There is a second theory about dreams that’s nearly as old, though it’s never been as popular. This is the theory that dreams are essentially just noise, a harmless but meaningless by-product of the way the mind works. In this vein, Aristotle claimed that dreams are the after-effects of waking perception, images bouncing around in the mind while the sense organs themselves take a rest. Locke, similarly, treated dream-images as faint copies of sensory images, but driven by inner association rather than mere ‘reverberation’. This allowed him to explain why dreams don’t just recapitulate the previous day’s experience: dreaming, like waking imagination, proceeds by a chain of association in which one idea summons up other ideas that are similar or that have frequently followed the first idea in previous experience.
Recently, prominent scientists including J. Allan Hobson and Francis Crick have added a neuroscientific component to this second, ‘deflationary’ approach. The common thread in these new views is that dreaming sleep plays a sort of ‘neural housekeeping’ role, cleaning up or enhancing memory traces that were laid down during the day. In one sense, this hypothesis elevates dreams above the level of noise, since it assigns them a clear and important function. But this function has very little to do with the specific content of individual dreams. It might require that we dream more about things that we were trying to learn during the day – as has recently been confirmed in rats, which appear to ‘rehearse’ while asleep the same neural representations that they used in a maze-learning task during the day. But aside from this simple correlation between dream-contents and recent experience, these theories don’t seem to leave any role for messages or stories or any deeper form of meaning. In evolutionary terms, they hold that the neural process of dreaming is an adaptation, but treat the particular subjective experience of dreaming as a functionless, meaningless side-effect.
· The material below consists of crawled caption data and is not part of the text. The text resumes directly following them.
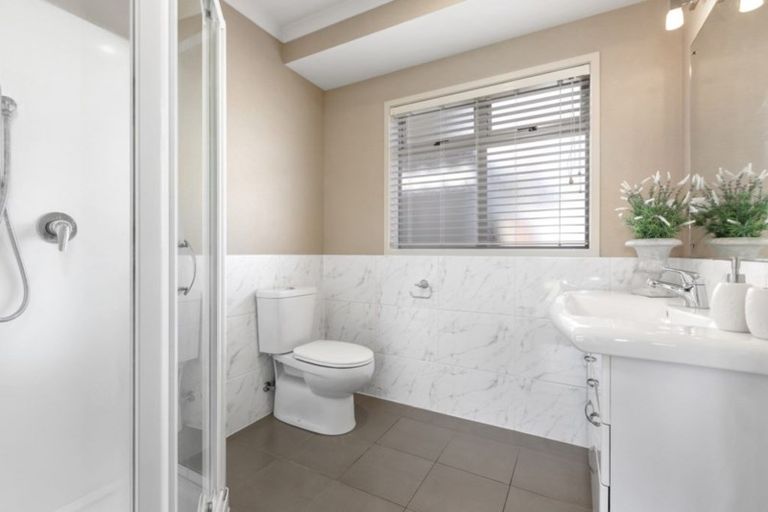 Photo of property in 18 Garvan Glen, Pyes Pa, Tauranga, 3112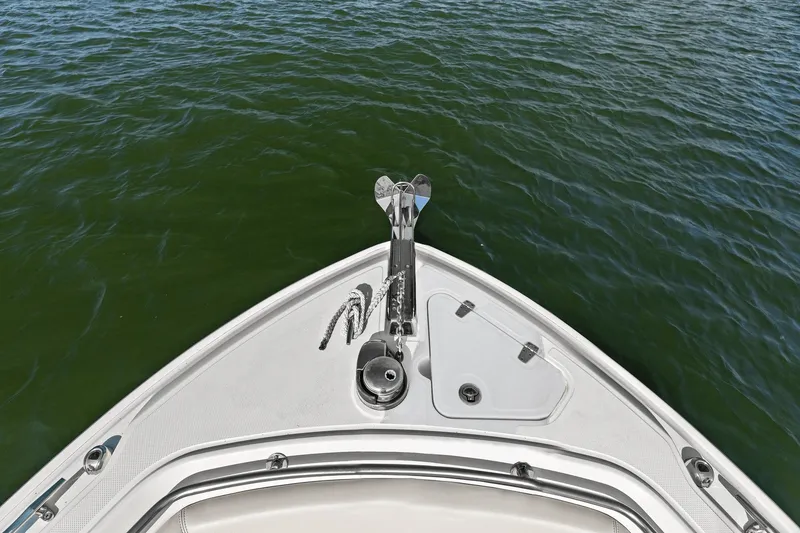 Slide: The Image of Boston Whaler 230 OUTRAGE 2021 - 15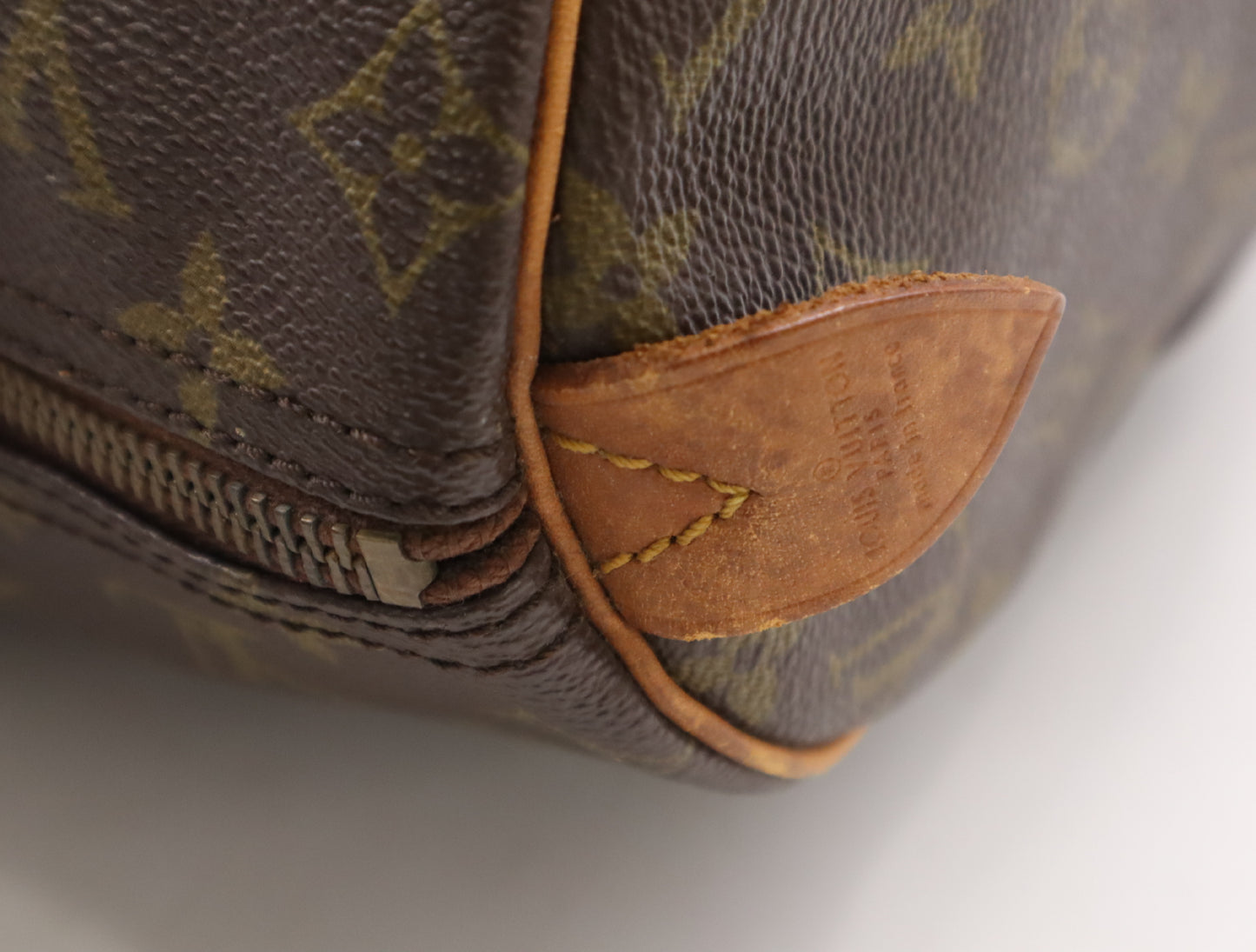 LOUIS VUITTON M41522 Monogram Speedy 40 Handbag
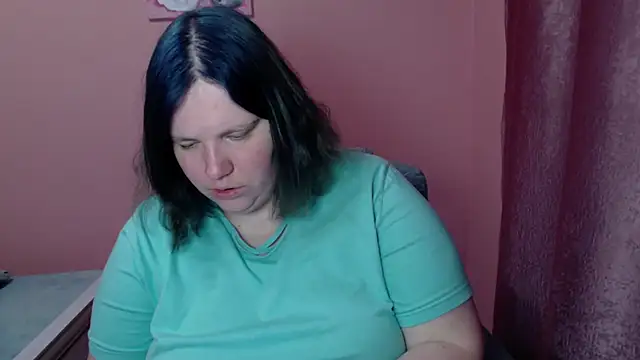  alexandra ray  online show from 04/15/26, 11:05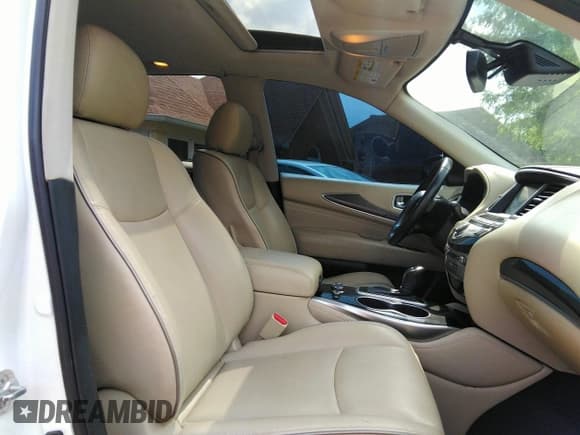 ✅ 2020 Infiniti QX60 Luxe • VIN: 5N1DL0MN6LC528820 • Lot: 42437639. Wystawiony na IAAI z przebiegiem 131 780 mil. Bezpłatny archiwum sprzedaży aukcyjnych z USA i szczegółowy raport historii pojazdu na DreamBid. Zdjęcie 5.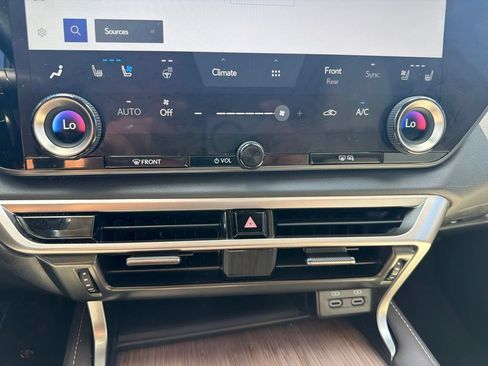 Used 2024 Lexus RX 350 Premium w/ Accessory Package (A2) FWD image 12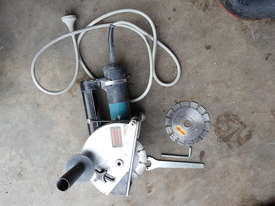 Dry chasing saw / vacuum cleaner combo - picture0' - Click to enlarge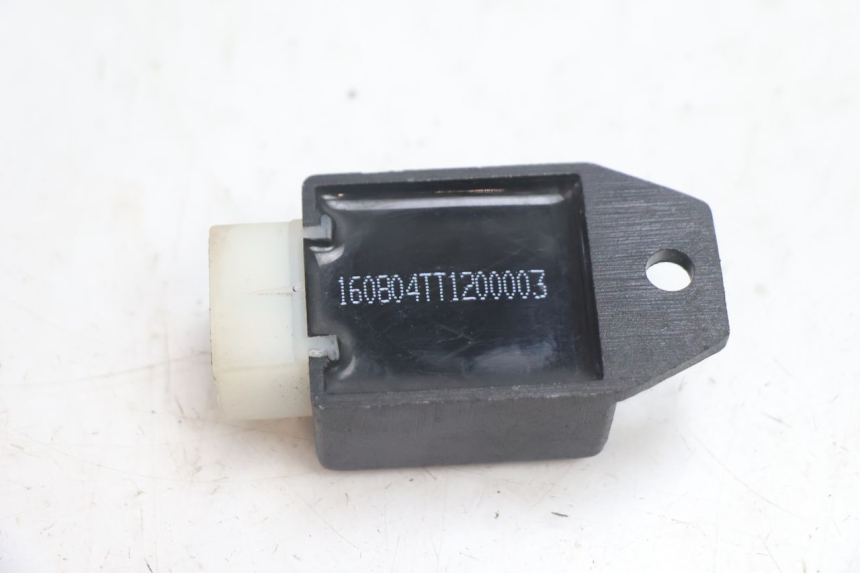 photo de REGOLATORE DI CARICA TNT MOTOR ROMA 10' 2T 50 (2011 - 2018) - Altra angolazione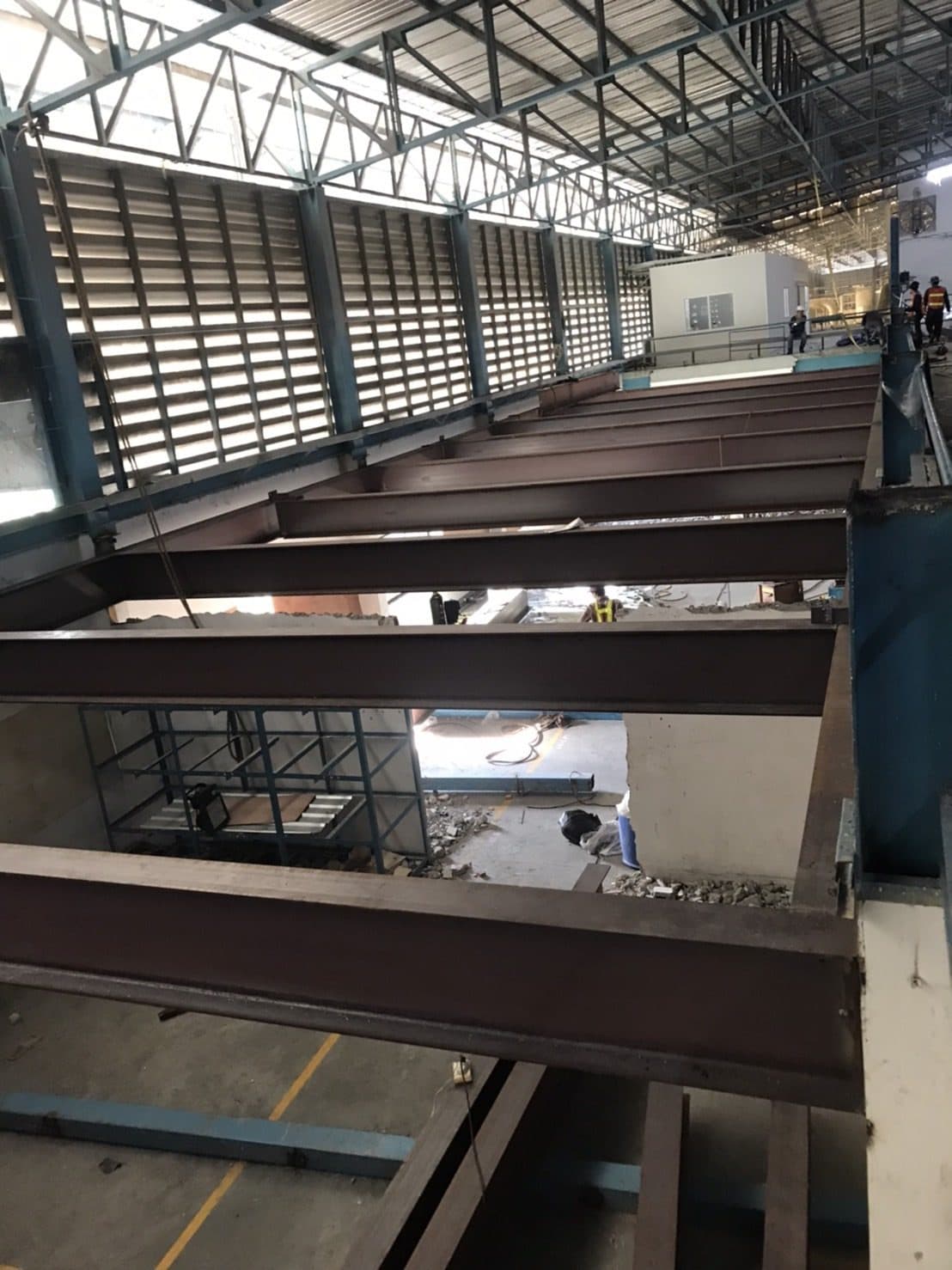 ติดตั้งโครงคานเหล็กสำหรับพื้นชั้นลอยภายในอาคาร พร้อมเตรียม ติดตั้ง Metal Deck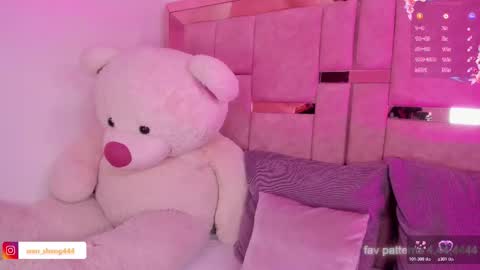 Snapshot of ween_sheng_ chatting on February 2026 05:44:02 PM Wennsheng online show from February 2026 05:44:02 PM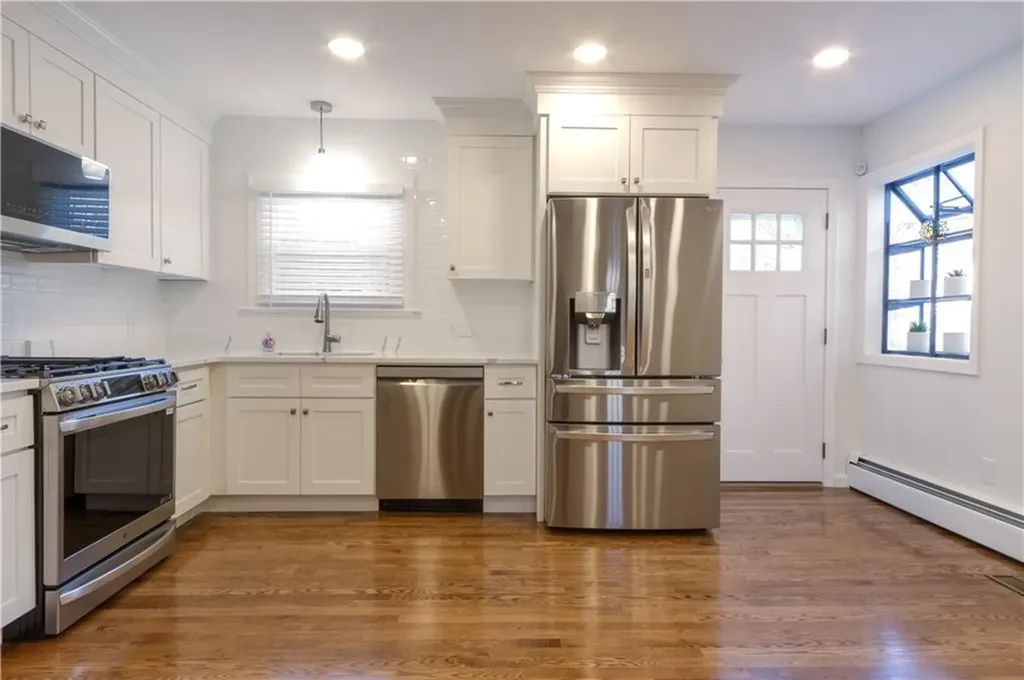 11 West Blue Ridge Road Cranston RI 02920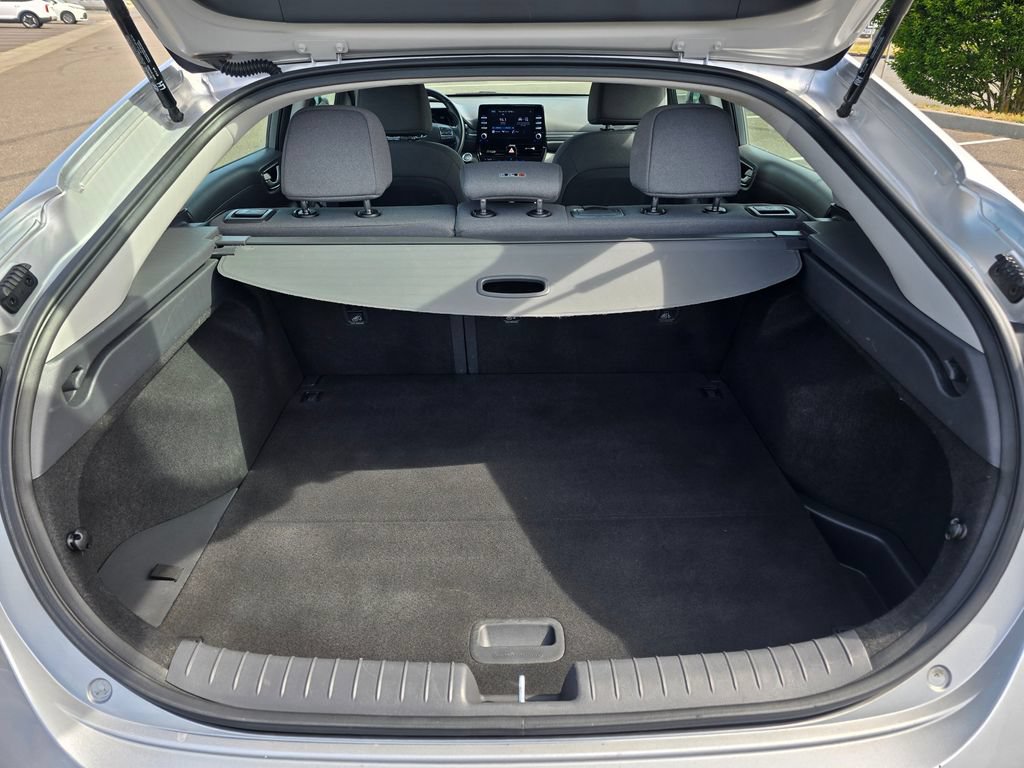 Used 2022 Hyundai Ioniq SE FWD image 18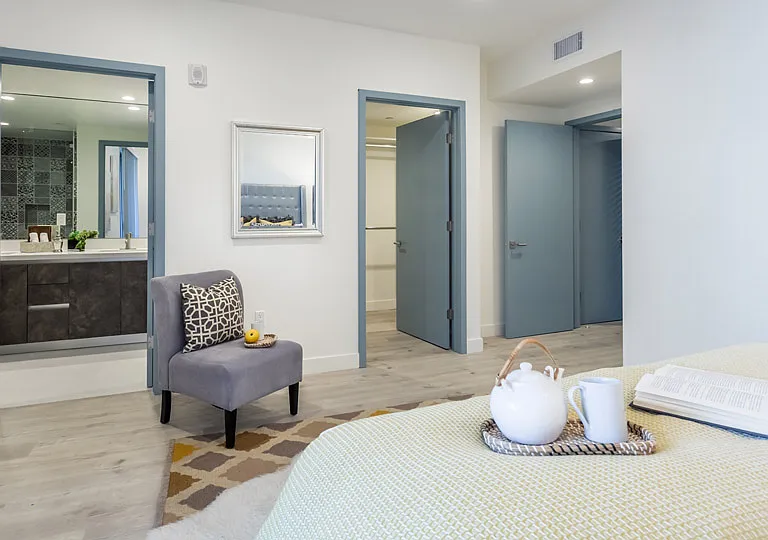 905 Wilcox Ave #302 — Photo 23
In Dreaming Souls, Owen Flanagan lays out a theory of dreams that’s even more boldly deflationary than those of Crick and Hobson. According to Flanagan, every aspect of dreaming is a side-effect. He claims that we are not significantly more likely to dream about things that we need to remember or rehearse, and that there don’t seem to be any other plausible hypotheses about how dreaming could be fitness-enhancing. (Unfortunately, at this point Flanagan departs from his standard procedure of supporting his positions with a deeply satisfying assortment of conceptual arguments and experimental evidence: these two claims, crucial for distinguishing his view from Crick’s and Hobson’s, zip by in a few isolated sentences and are thereafter treated as fait accompli. As a result, it remains unclear how justified he is in distinguishing his view from theirs; but either way, his exposition of the view remains valuable, and most of Flanagan’s arguments do not depend on these controversial premises.) Borrowing language that evolutionary biology famously borrowed from architecture, Flanagan claims that dreaming is a spandrel – a characteristic that has no evolutionary function of its own, but arose as a side-effect of the evolution of other characteristics. Nature did not select for red-colored blood in mammals; it selected for oxygen-carrying capacity, and when you have hemoglobin cells carrying your oxygen you’re going to get red blood. Likewise, Flanagan says, Nature did not select for nocturnal experience; it selected for sleep (specifically, for the cycle of REM and non-REM sleep states), and for at least some of the various states and capacities that we call consciousness, and when you have sleep cycling in a conscious brain you’re going to get dreams.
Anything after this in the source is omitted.